Designing infrastructure for safety is imperative for encouraging cycling. This is particularly true for children, women, and the elderly. From 2004 to 2008, cycling fatality rates in the Netherlands were one-fifth of those in the US. Injury rates in the Netherlands were one-twentieth of those of the US during the same time. Many components are important to cycling safety including education, signage, speed limits, and separation. In the Netherlands, separation is the foundation for bicycle infrastructure. Cars and bicycles can share roads with low speed limits but once this exceeds 20 mph, it is deemed unsafe to combine the two and there will be dedicated infrastructure for bicycles.
In the US, the concept of separation is in stark contrast to the vehicular cycling theory. This theory supports that bicyclists are safer when acting as cars than if separated. This cycling theory only seems to stand ground when intersections are not designed safely for all users. US cyclists see separated infrastructure as a threat to their right to the road.
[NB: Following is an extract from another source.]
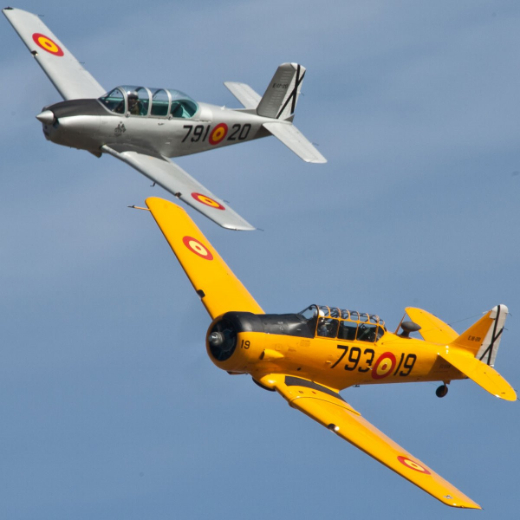 Exhibici&oacute;n en vuelo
However, I argue that these cyclists are very experienced and comfortable with riding alongside vehicles and that this mentality is not representative of the larger pool of would-be cyclists. Since American standards are developed using American data, the deterrence from separated cycling infrastructure has become a self-fulfilling prophecy in that we discount the data available and proven in Europe for our scarce or unideal local data. Thankfully, cities have pushed back on this theory in recent years and are implementing more and more protected infrastructure.
Policy is another important driver to cycling use. While national policies can encourage cycling, the most effective strategies occur at the local level. In successful cycling countries like the Netherlands, Denmark and Germany, most households own a car; however, policies deter the excessive use of one. In the Netherlands, there are high taxes on fuel and new car purchases. When cars began to dominate the Dutch culture in the 1950s and 1960s, the increasing pollution, congestion and number of accidents spurred the population to demand restrictions on driving. Thus began car-free Sundays. Removing the car for even just one day let people experience the safe roads before fully committing to an infrastructure change. This “pop-up” mentality has increased in popularity in the US and could be a key to easing shifts in public support for better bicycle infrastructure and pro-bicycle policy.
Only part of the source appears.